Leptomeningeal Metastasis From Adrenocortical Carcinoma

A Case Report

Anna R. Schreiber; Adwitiya Kar; Andrew E. Goodspeed; Nikita Pozdeyev; Hilary Somerset; Christopher D. Raeburn; Aik-Choon Tan; Stephen Leong; Margaret E. Wierman; Katja Kiseljak-Vassiliades

Disclosures

J Endo Soc. 2020;4(3) 

In This Article

Abstract and Introduction

Abstract

Adrenocortical carcinoma (ACC) is an uncommon endocrine malignancy with limited treatment options. While the overall 5-year survival rate in patients with ACC is 35%, the disease is often rapidly progressive with long-term survival in only 5% of patients. Although tumor stage, grade, and excess hormonal activity predict unfavorable prognosis, additional biomarkers are needed to identify patients with aggressive disease. A 23-year-old woman presented with rapidly progressing signs and symptoms of Cushing's syndrome, with associated abdominal pain and fullness. Evaluation revealed a large left adrenal mass which had developed over 8 months. En bloc surgical resection was performed by an endocrine surgeon, and pathology revealed adrenocortical carcinoma with Ki67 of 60%. Despite adjuvant treatment with mitotane and etoposide–doxorubicin–carboplatin chemotherapy, the patient had rapid disease progression with metastatic spread to liver, lung, bone, brain, and leptomeningies, and she died 11 months after the initial diagnosis. Subsequent analysis of the patient's tumor revealed mutations in TP53 and MEN1. RNA sequencing was compared against the the Cancer Genome Atlas data set and clustered with the high steroid, proliferative subtype, associated with the worst prognosis. The tumor also demonstrated a low BUB1B/PINK1 ratio and G0S2 hypermethylation, both predictive of very aggressive ACC. This case represents a subset of ACC characterized by rapid and fatal progression. Clinically available predictors as well as recently reported molecular signatures and biomarkers correlated with this tumor's aggressiveness, suggesting that development and validation of combinations of biomarkers may be useful in guiding personalized approaches to patients with ACC.

Introduction

Adrenocortical carcinoma (ACC) is a rare, aggressive malignancy with incidence of 0.7 to 2 cases per million annually.[1] ACC presents across the age spectrum with peaks in children less than 5 years and in adults in their fourth and fifth decade of life.[1] The prognosis is poor, as the majority of patients present with regional and distant metastasis at the time of diagnosis. Long-term survivors, however, are occasionally reported. Clinically, Ki67 immunohistochemistry has been used as the primary prognostic biomarker. Recent global profiling of ACC tumors has demonstrated that comprehensive genomic and genetic signature clusters correlate with ACC tumor aggressiveness, but this clustering has not been used prospectively and may be cumbersome for clinical practice.[2]

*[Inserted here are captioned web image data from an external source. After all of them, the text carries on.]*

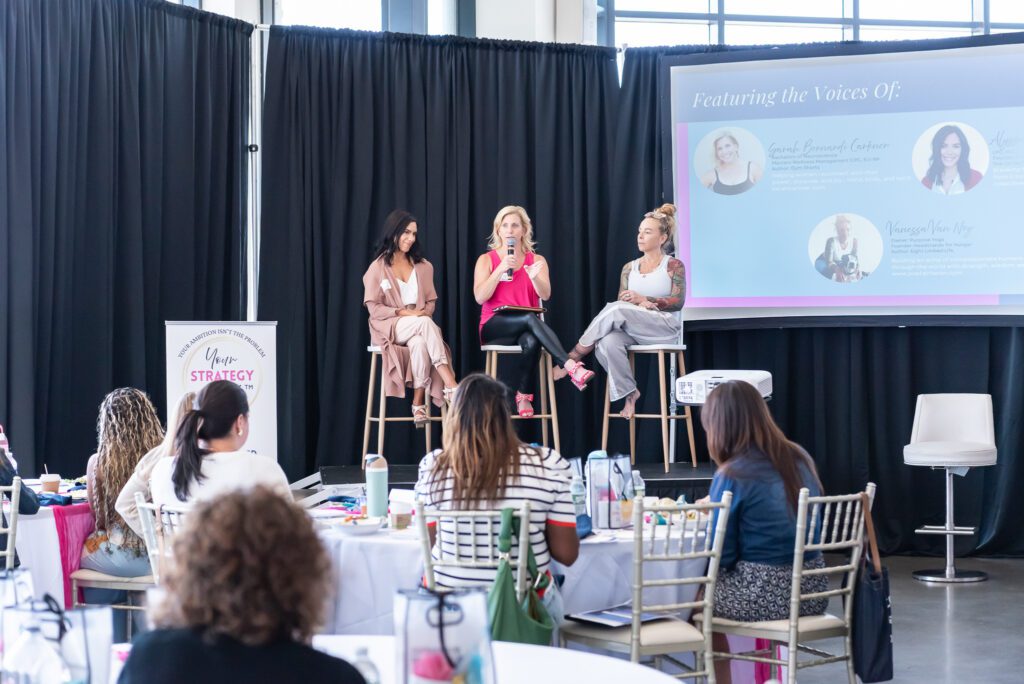 Three female panelist on the stage at the Your Strategy Reset event in the Wave Resort.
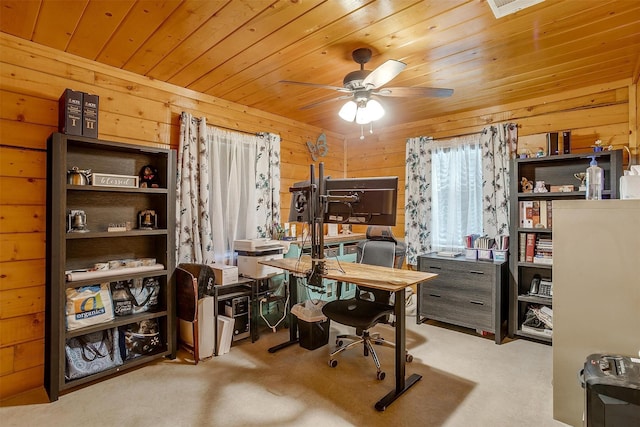 office area featuring ceiling fan, light colored carpet, wooden walls, and wooden ceiling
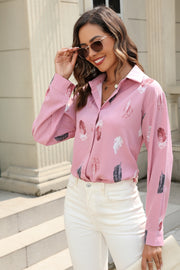 Pink feather print button-down shirt with long sleeves and a classic collar.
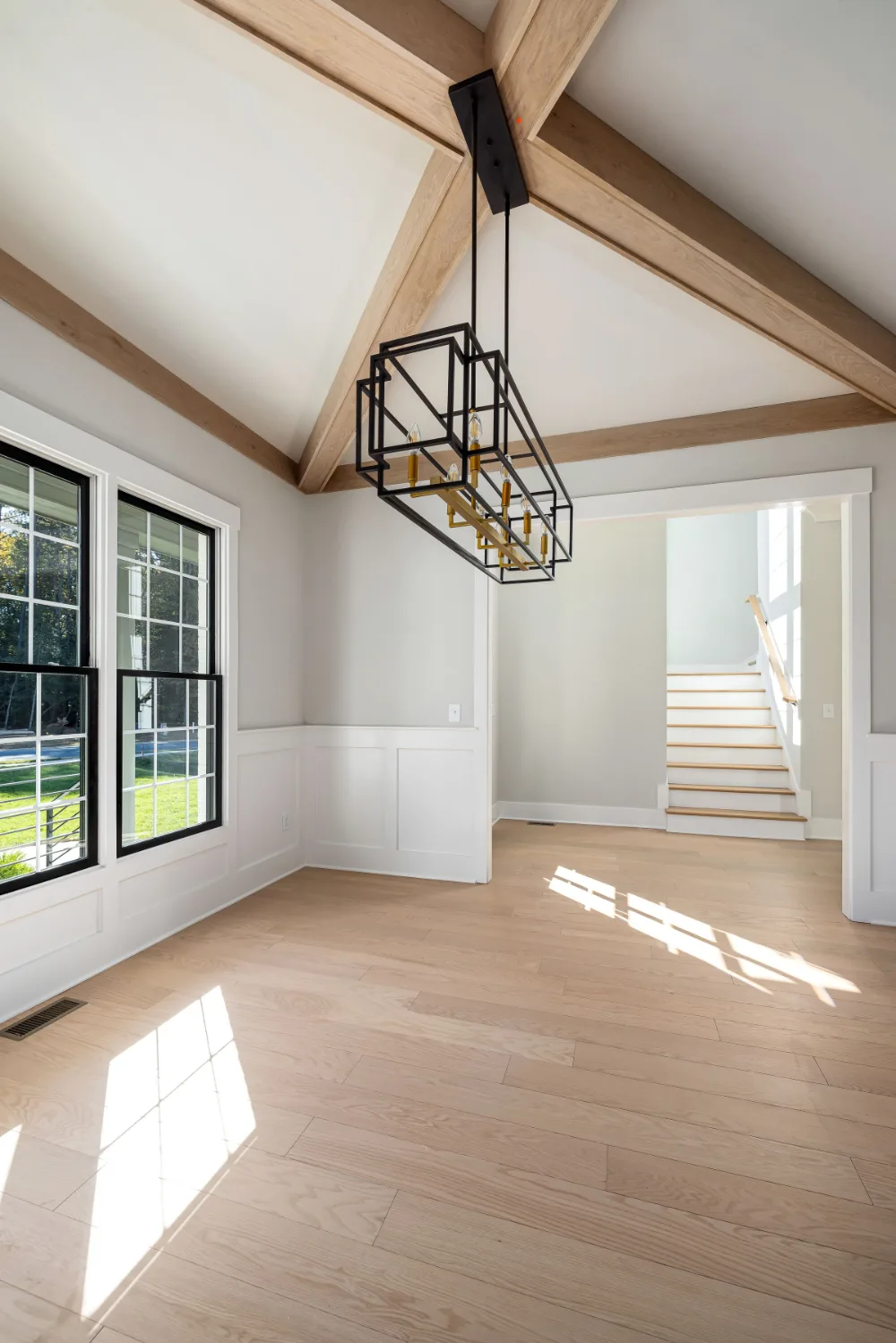 Black-framed windows along the wall of a vaulted room with exposed beams and light oak floors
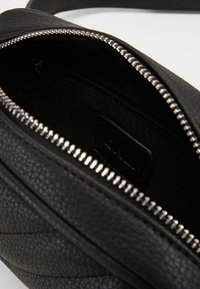 Musta teksturoitu nahkainen olkalaukku auki, näyttää sisäisen vetoketjutaskun ja metalliset vetoketjuhampaat aukon reunalla.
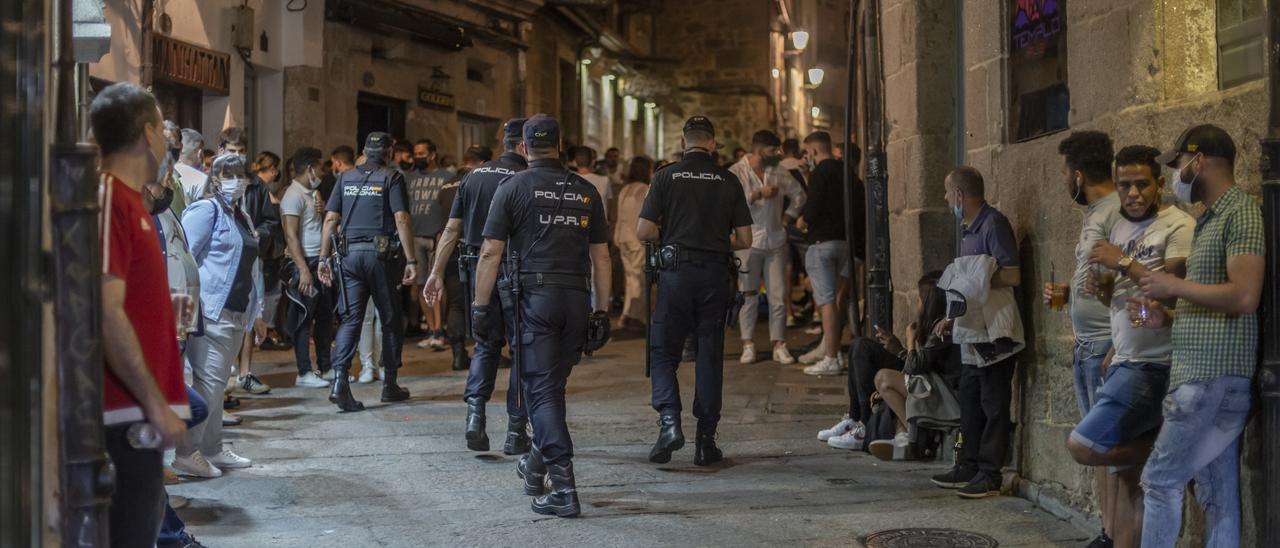 Efectivos de la Policía Nacional hacen ronda de vigilancia por una de las calles de Vinos del casco histórico de Ourense.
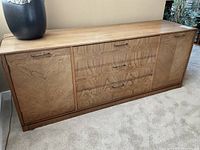 Front view of buffet showing full facade with two cabinets and three central drawers.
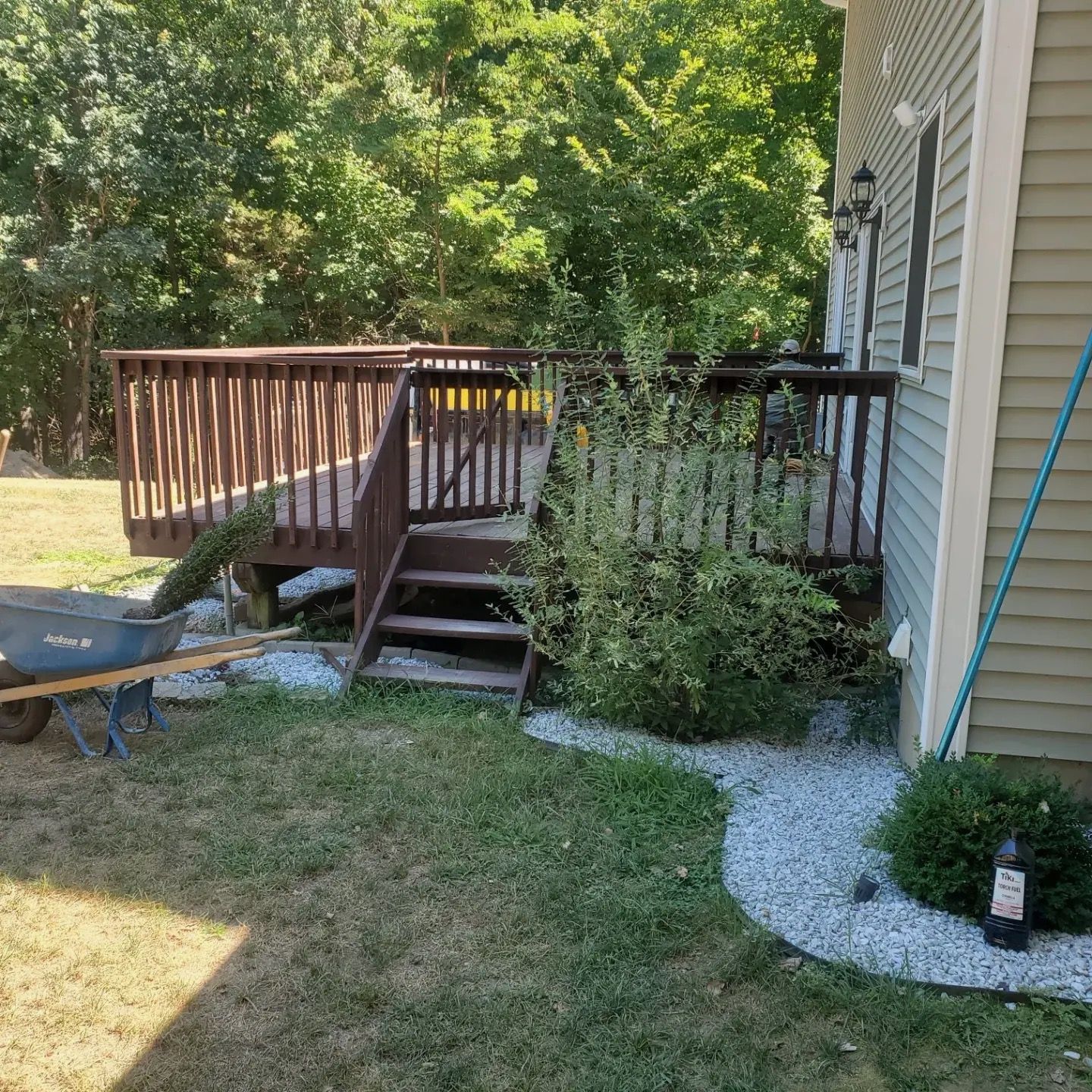 A wheelbarrow is parked in front of a house next to a deck.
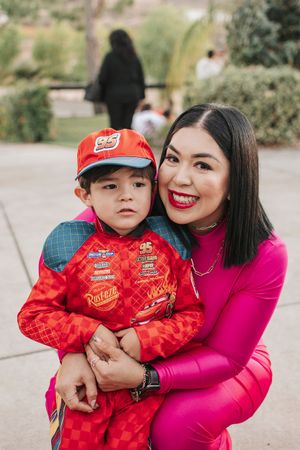 A festive outdoor portrait featuring bright fuchsia and red outfits against a natural background.
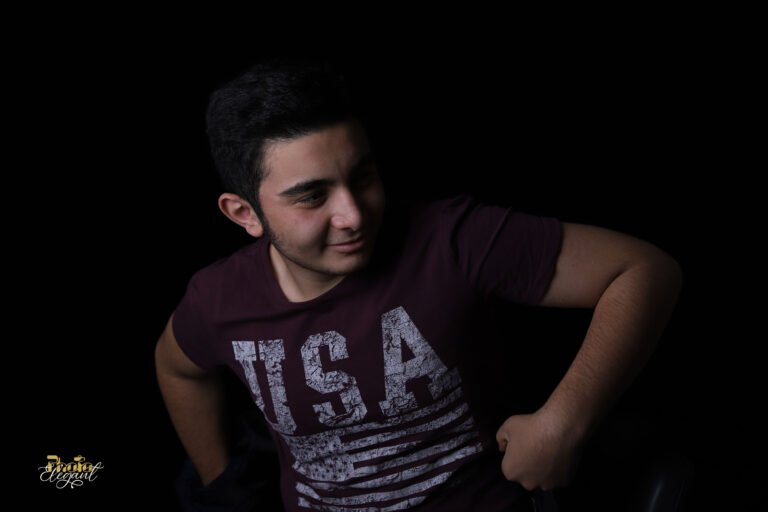 USA flag t-shirt portrait, teenage boy studio photo, patriotic youth portrait, American flag shirt photo, black background portrait, dramatic lighting photography, distressed USA shirt, teen model portrait, modern Americana photo, PhotoElegant studio shot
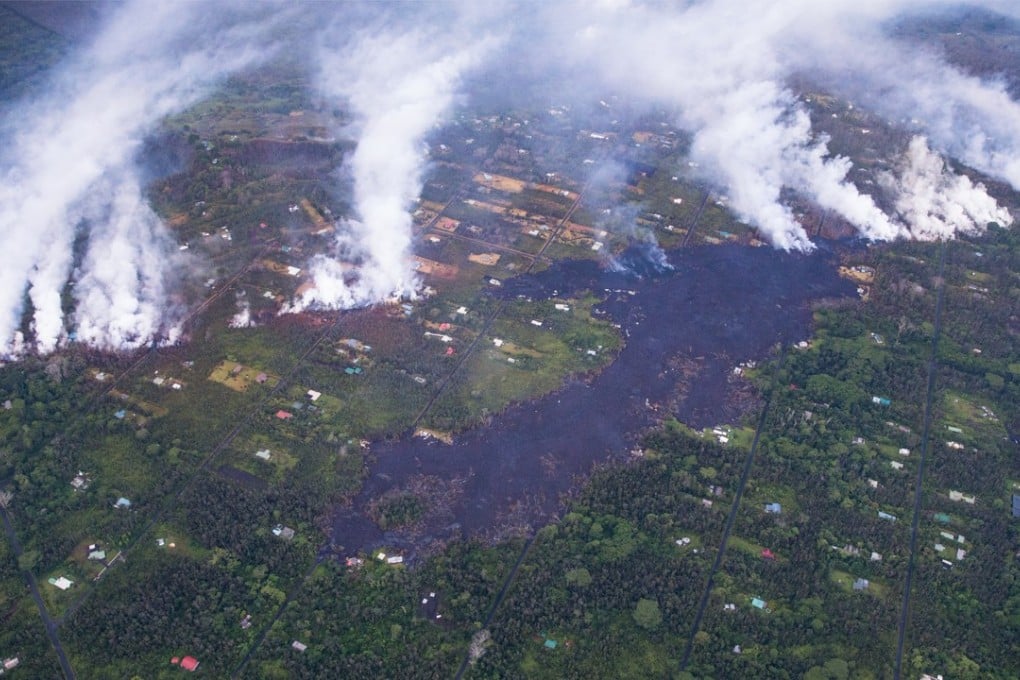 An aerial view shows smoke and burned areas as eruptions continued overnight within the Leilani Estates subdivision in Pahoa, Hawaii, on Wednesday. Experts say there is a risk that the volcano could suffer an explosive eruption, launching rocks the size of refrigerators miles into the air. Photo: EPA-EFE
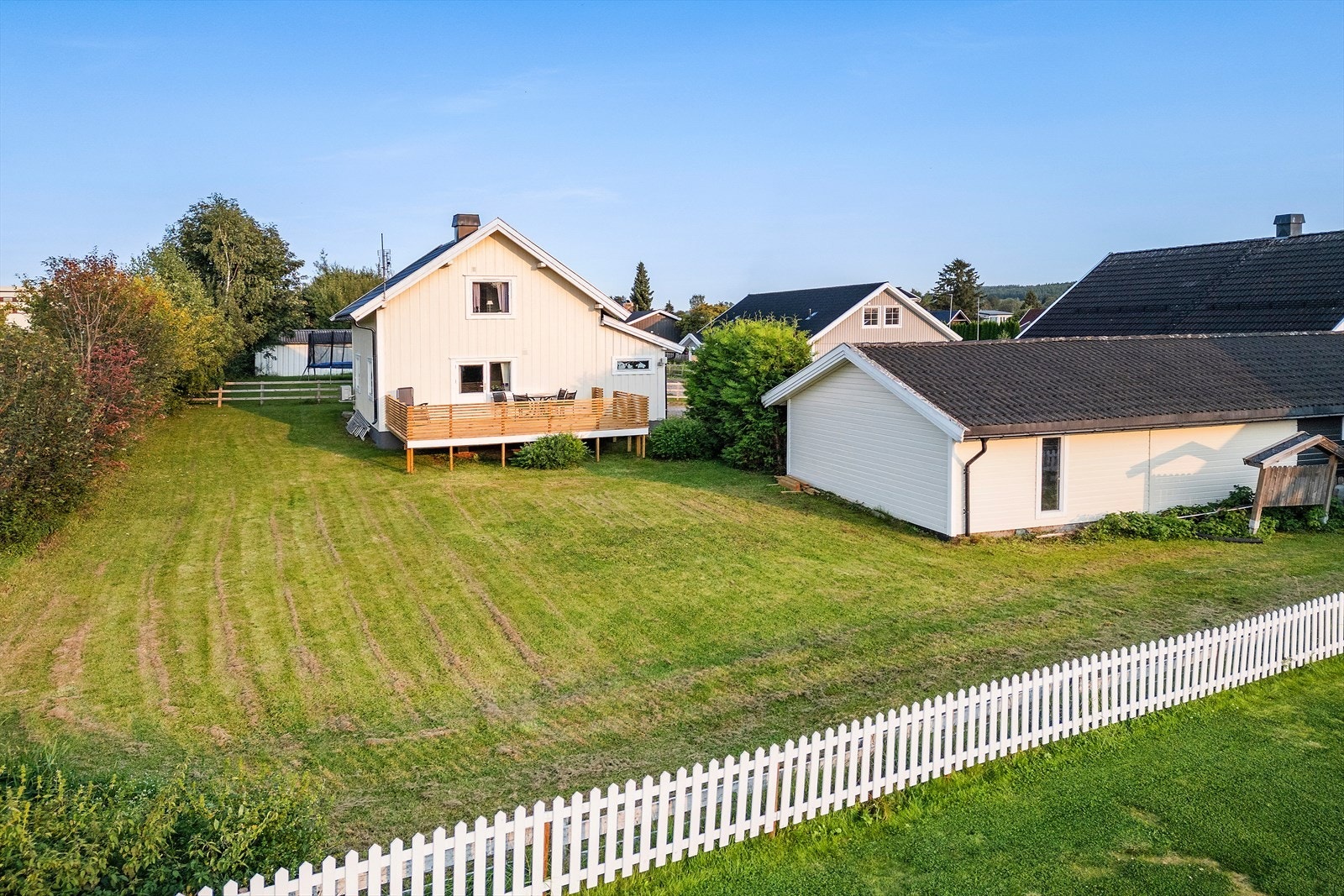 Stor og velstelt hage med grønn plen, hvitt stakittgjerde og en koselig treterrasse tilknyttet huset. Et perfekt sted for lek, grilling og avslappende sommerdager under åpen himmel. Galleribilde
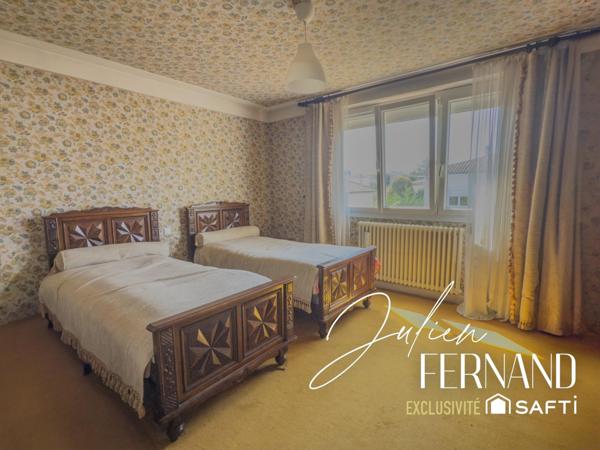 Maison à étage avec garage, véranda et jardin.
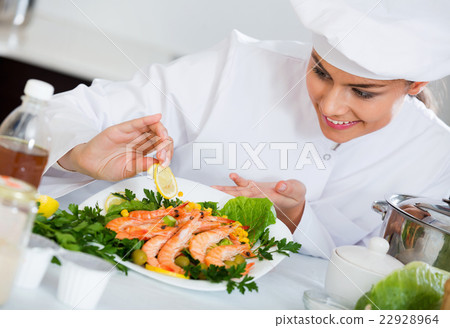 Young chef arranging shrimps on plate 22928964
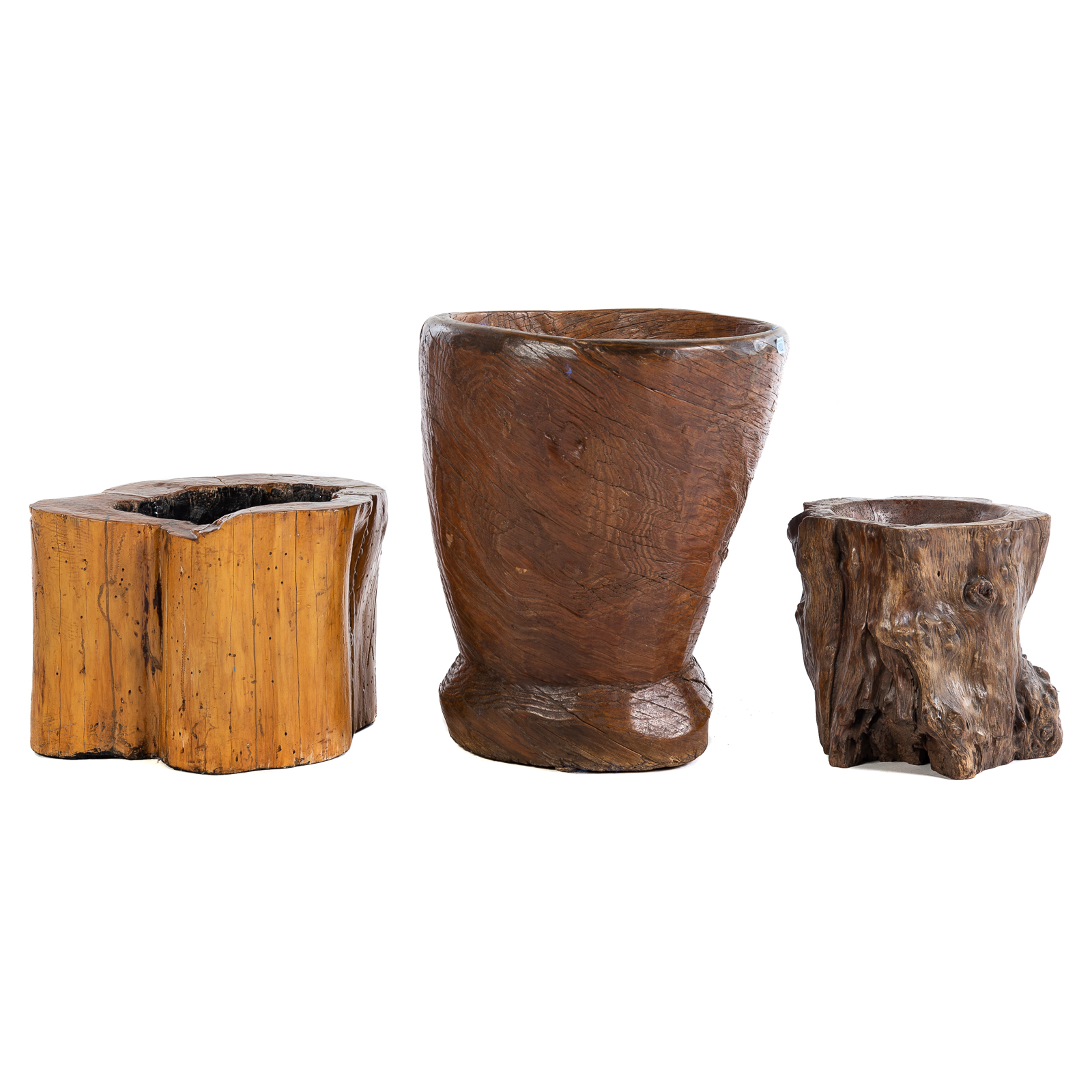 Appraisal: THREE CARVED TREE TRUNK PLANTERS Hollowed out and carved natural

Common sites of metastasis for ACC include the liver, lungs, and bone.[1] Rarely ACC metastasizes to skin and brain.[1] Leptomeningeal carcinomatous metastases (LM) across all tumor types typically present as multifocal lesions in the leptomeninges in less than 5% of patients with advanced cancer.[3] The most common solid tumors to result in LM include breast, lung, melanoma, and gastrointestinal malignancies.[3] There have been few case reports of ACC resulting in brain metastasis[4–16] and there are only 2 previous ACC cases with leptomeningeal metastases reported in the literature.[17,18]

Here we present the case of a young woman who presented with severe Cushing's syndrome due to ACC with rapid disease progression and LM despite conventional therapy.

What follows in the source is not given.